ABOUT THIS TASK:
One exact copy of the listing, minus the images, is the required answer.
□ □ □ □ □ □ □
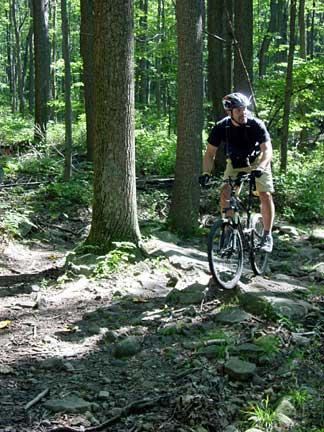 A person riding a mountain bike on a rocky trail through a dense forest, surrounded by tall trees and greenery, with sunlight filtering through the leaves. Coopers Rock mountain bike trail.
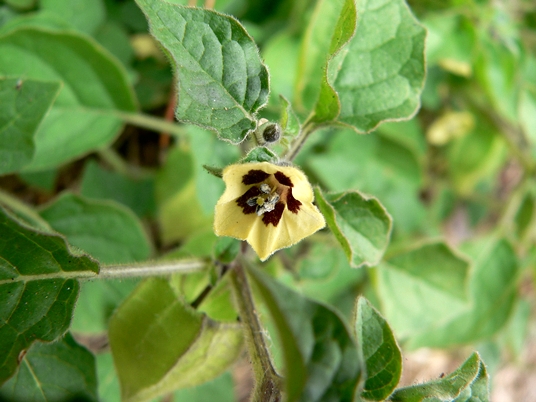 {Physalis virginiana}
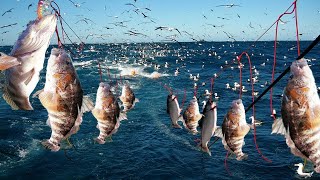 Amazing Commercial Longline grouper fishing on the sea  BIGGEST Grouper Ever Caught on the Boat [upl. by Aenad157]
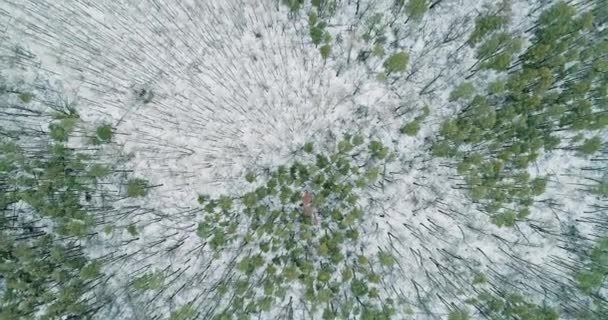 Snow Forest Aerial View Winter Landscape Nature Park Scenery Woods — Stock videók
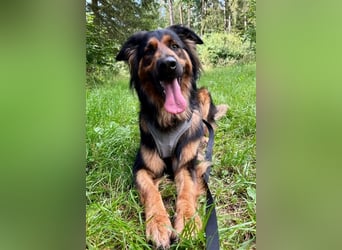 "Meilo", männlich, kastriert, Golden Retrievermix, geb. 12.08.20, 60 cm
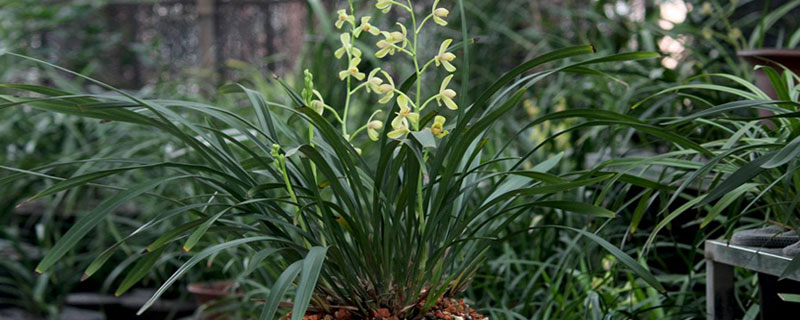 陽臺建蘭的養殖方法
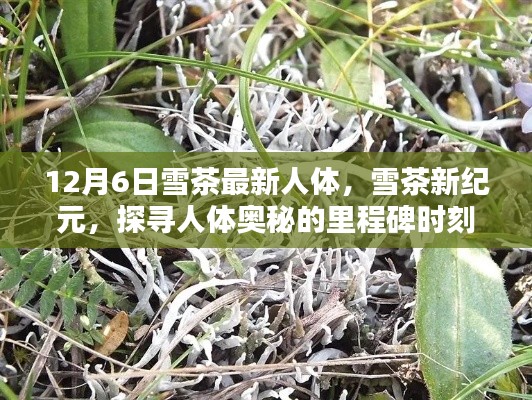 雪茶新纪元,纪念人体研究突破日,探寻人体奥秘的里程碑时刻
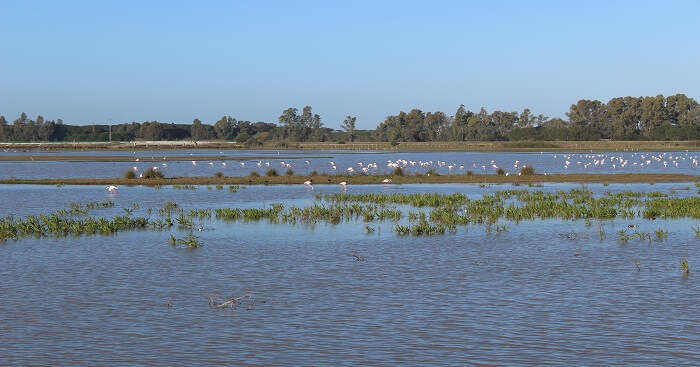 Doñana National Park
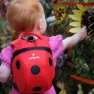 Littlelife Ladybird 2l Ryggsekk, Red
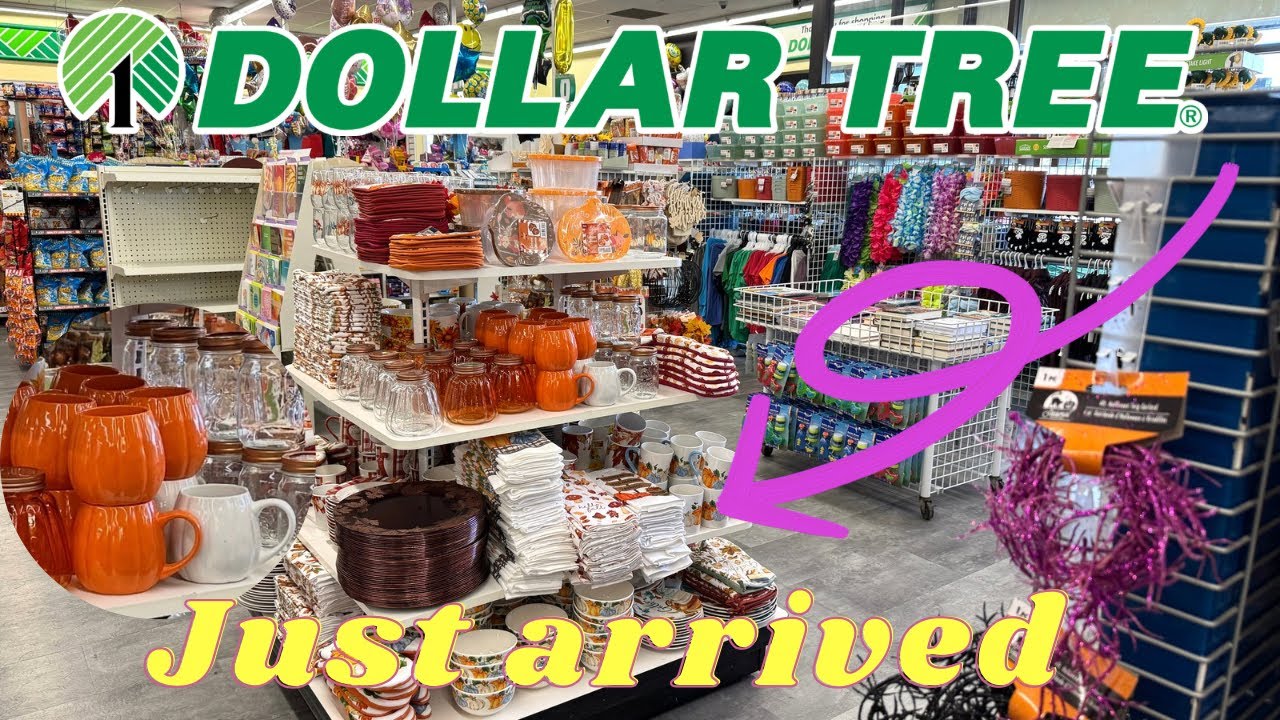 SHOP New Dollar Tree FINDS 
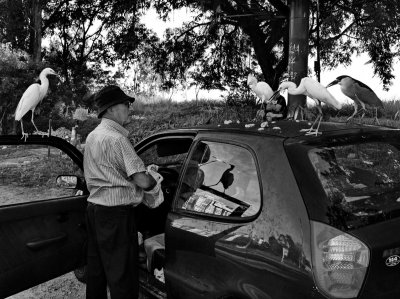 For many years Sr. Albino comes to Ponta do Coral for taking care of the birds. 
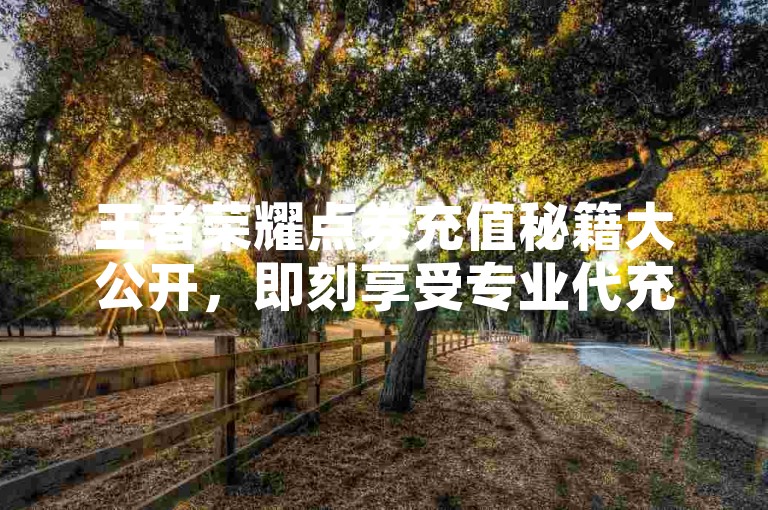 王者荣耀点券充值秘籍大公开，即刻享受专业代充服务，轻松获取点券，畅游王者世界！2025年必备技巧。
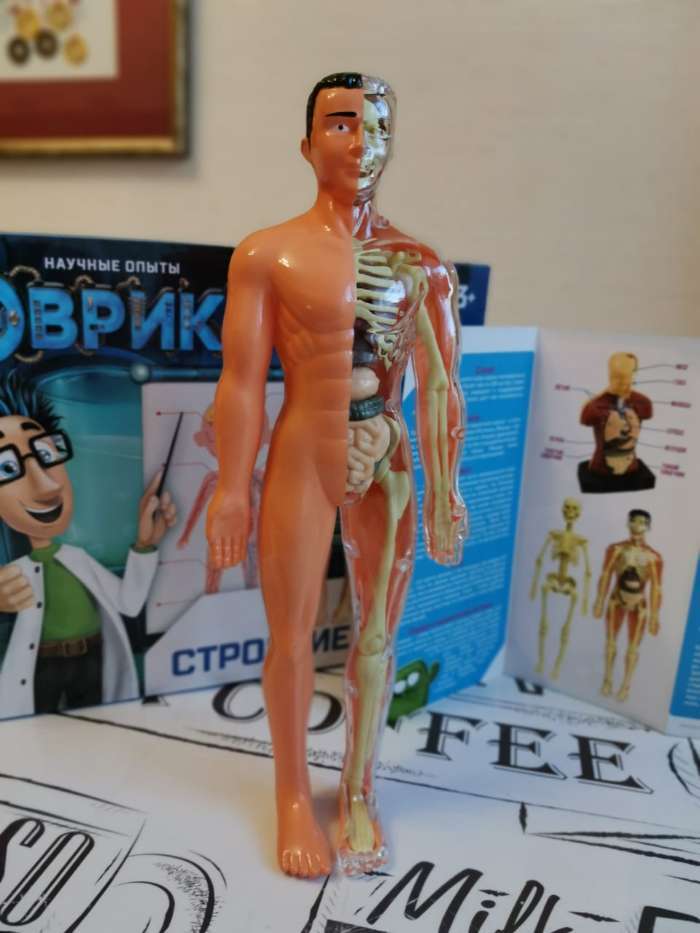 Фотография покупателя товара Набор для опытов «Строение тела», анатомия человека - Фото 46
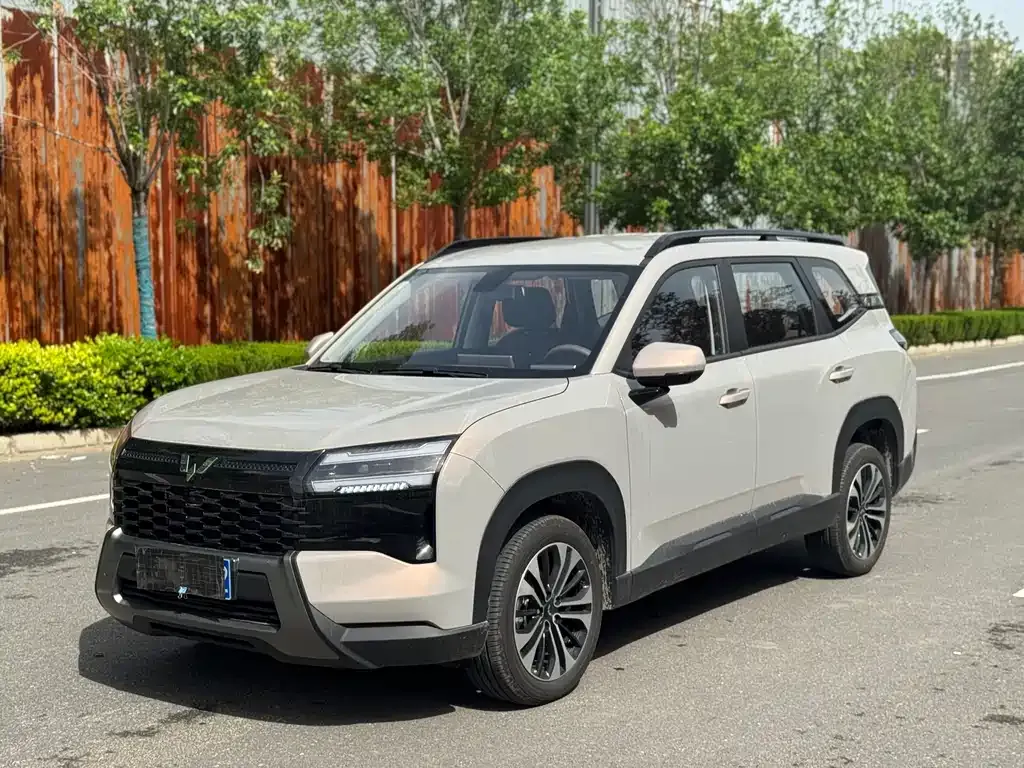 Wuling Starlight 560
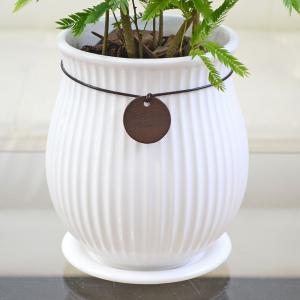 観葉植物 エバーフレッシュ アカサヤネムノキ ...の詳細画像3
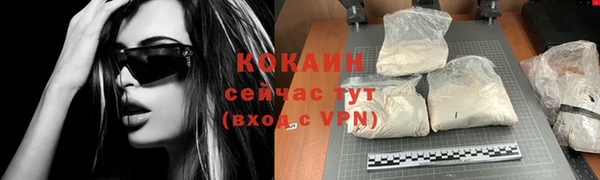 шишки Костерёво
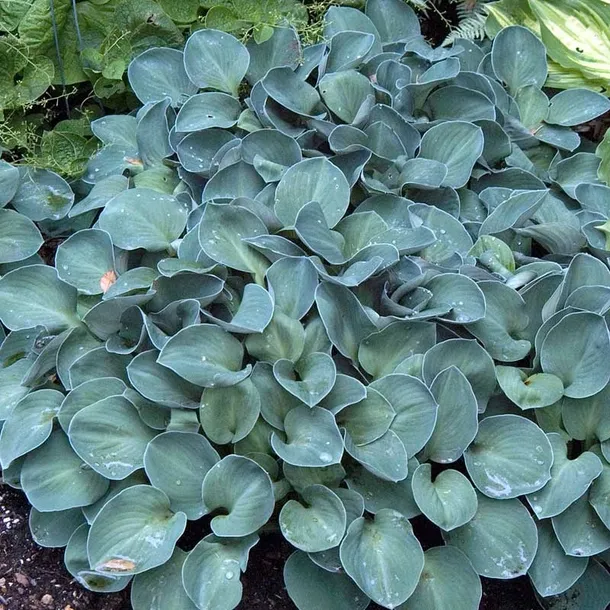 funkia-hosta-blue-mouse-ears-1szt
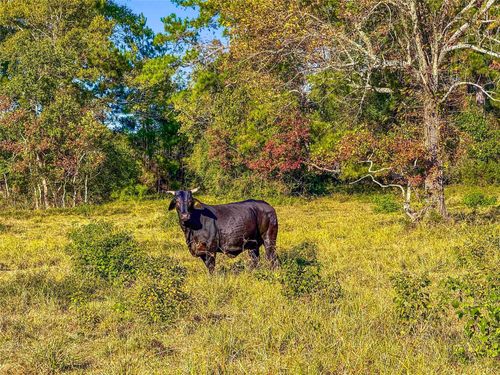 TBD County Road 2090, Liberty, TX, 77575 | Card Image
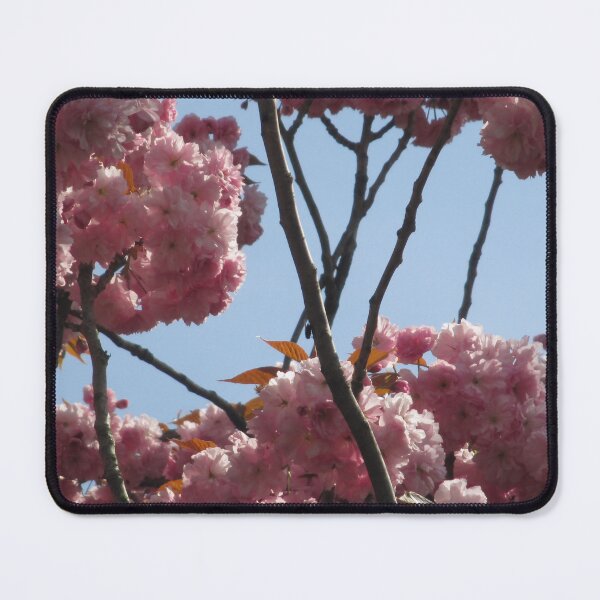 Item preview, Cherry Blossom III designed and sold by Katy Fryd.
□ □ □ □ □ □ □
TASK OUTPUT:
 A person riding a mountain bike on a rocky trail through a dense forest, surrounded by tall trees and greenery, with sunlight filtering through the leaves. Coopers Rock mountain bike trail.
 {Physalis virginiana}
 Amazing Commercial Longline grouper fishing on the sea  BIGGEST Grouper Ever Caught on the Boat [upl. by Aenad157]
 Snow Forest Aerial View Winter Landscape Nature Park Scenery Woods — Stock videók
 "Meilo", männlich, kastriert, Golden Retrievermix, geb. 12.08.20, 60 cm
 陽臺建蘭的養殖方法
 雪茶新纪元,纪念人体研究突破日,探寻人体奥秘的里程碑时刻
 Doñana National Park
 Littlelife Ladybird 2l Ryggsekk, Red
 SHOP New Dollar Tree FINDS 
 For many years Sr. Albino comes to Ponta do Coral for taking care of the birds. 
 王者荣耀点券充值秘籍大公开，即刻享受专业代充服务，轻松获取点券，畅游王者世界！2025年必备技巧。
 Фотография покупателя товара Набор для опытов «Строение тела», анатомия человека - Фото 46
 Wuling Starlight 560
 観葉植物 エバーフレッシュ アカサヤネムノキ ...の詳細画像3
 шишки Костерёво
 funkia-hosta-blue-mouse-ears-1szt
 TBD County Road 2090, Liberty, TX, 77575 | Card Image
 Item preview, Cherry Blossom III designed and sold by Katy Fryd.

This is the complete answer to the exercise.